Entsorgen geht nicht

Dr. Gerhard Schewe

Früher wurde nur weggeworfen, was wirklich nicht mehr zu gebrauchen war. Mit der so genannten Wegwerfgesellschaft änderte sich das allmählich. Wegwerfen erwies sich als steigerungsfähig. Erst wanderten die abgetragenen Schuhe in den Müll, die Uhr, deren Reparatur sich nicht mehr lohnen würde. Dann folgten die Dinge, die der technische Fortschritt aussortierte. Schließlich trennte man sich von Produkten, die durchaus noch gebrauchsfähig waren, von ihren Besitzern aber als nicht mehr zeitgemäß empfunden wurden.
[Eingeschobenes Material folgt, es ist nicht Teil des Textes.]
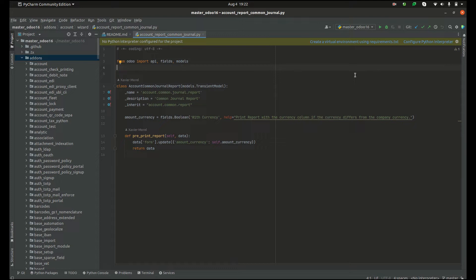As we know, we use the inherit keyword for inheriting an existing class. Let's see how prototype inheritance works in Odoo.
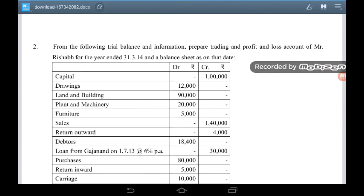From the following trial balance and information, prepare trading and profit and loss account of Mr. Rishabh for the year ending 31st March 2014 and balance sheet as on that date. Capital – 1 lakh.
Das war die von Industrie, Handel und Werbung genau kalkulierte Folge dessen, was Kritiker einer derartigen Verschwendung später Konsumterror nannten. Viele Menschen handelten wie unter einem Zwang. Eine neue Steigerungsstufe war erreicht, und es gab dafür auch ein neues Wort: entsorgen. Dieses Wort war doppelsinnig, weil es ja auch „sich einer Sorge entledigen“ bedeuten konnte, etwa der Sorge, dass der Nachbar über das nicht mehr ganz neue Auto, der Kollege über das „moralisch verschlissene“ Handy geringschätzig die Nase rümpfen würde. Also weg mit dem diskriminierenden alten Plunder! Und weg sind die Sorgen. Ganz einfach!

Schwerer zu erklären und deshalb um so beunruhigender ist die Tatsache, dass nun aber auch immer mehr immaterielle Dinge – traditionelle Werte, Tugenden, Bildungsinhalte – als nicht mehr zeitgemäß hingestellt wurden und somit Gefahr liefen, ebenfalls als alter Plunder entsorgt zu werden: Ehrlichkeit? Ist was für die Dummen und schadet dem Geschäft, also weg damit! Rücksichtnahme? Was kümmern mich die anderen? Kultur? Brauche ich nicht. Geschichte? Unnötiger Ballast! Schließlich leben wir heute, also weg damit!

Tatsächlich kommen ernsthafte historische Analysen und Schlussfolgerungen im offiziellen gesellschaftlichen Diskurs unserer Zeit kaum noch vor. Der Literaturwissenschaftler Hans Mayer spricht in seinem Essay In den Ruinen des Jahrhunderts (1997) dann auch ganz offen von Geschichtsfeindlichkeit und veranschaulicht dieses Phänomen an dem repräsentativsten Beispiel, das es hierfür nur geben kann; dem veränderten Verhältnis zur Aufklärung. Einst geistig-kulturelle Legitimation des zur Macht strebenden Bürgertums, werden ihre damaligen Ideale heute für den Bestand eben dieser Macht als Bedrohung angesehen: Volkssouveränität, die Utopie vom ewigen Frieden, die kritische Vernunft des mündigen Bürgers, seine wissensgestützte Urteilsfähigkeit..... Na schön, lag damals vielleicht im Trend. Aber wer will heute noch was von Kant oder Leibniz hören? Also weg damit!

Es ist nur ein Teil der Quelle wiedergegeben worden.